Yaklaşık bir hesapla 800 bin kamyon dolaşmaktadır yollarımızda ve bu rakam AB ortalamasının bir hayli üzerindedir. Trenden koministlik sezen öküz feraseti, ülkemizi duble cehenneme çeviren taşıt enflasyonuna mahkûm etmiştir.

Katil kamyoncu
Kapitalizmin tanrısı para, imanı yoksullaştırmadır. Kamyoncu garibanlar da bu yoksullaştırmadan paylarına düşeni almaya başladılar. Nakliye belgesi alma zorunluluğu, bu yoksullaştırmanın en zalim uygulamalarından birisi oldu. Şöyle ki, bir kamyoncu ‘belge’ alabilmek için asgari 25 ton taşıma kapasitesine sahip olmak zorunda. Bu da asgari iki kamyon demek. Birini bile zor çeviren kamyoncular, ikinciyi alamayınca mal sahibiyken işçi olmaya başladılar. Kamyonlar ya satıldı ya da üç otuz paraya ‘kargo’ şirketlerine kiralandı. Bir kamyon şoförü ayda 650 liraya çalışmaktadır. Mal sahibiyse eğer, 1000 km’lik bir yola ortalama 1000 TL’ye gitmektedir. Mazotu kaçak alırsa, vergiyi-stopajı ödemezse, yemeğini kendisi pişirirse, eline kalacak olan en fazla 125 TL’dir.

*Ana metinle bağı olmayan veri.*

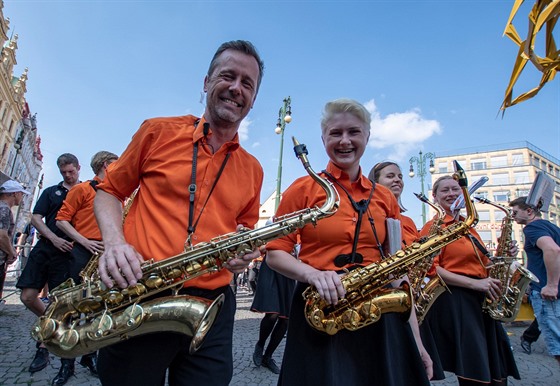 V Praze zaal festival pouliního divadla Za dvemi. (15. ervence 2019)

Bu çarka giren kamyoncu gece gündüz uykusuz, yorgun direksiyon sallar. Bir kaza olunca da sisteme bakmayı akıl edemeyen, soyutlama yeteneği olarak da kabız olan medyamız kamyoncuyu ‘katil’ ilan ederek rahatlar.

Bir başka pazar günü yazısı için kamyonla yollara düşmek ve Nakliye Ambarı’ndan başlamak üzere öykülerini anlatmak için sözleştik kamyoncularla.
Gazeteye dönerken dilimde Cahit Kulebi şiirinin son dizeleri vardı.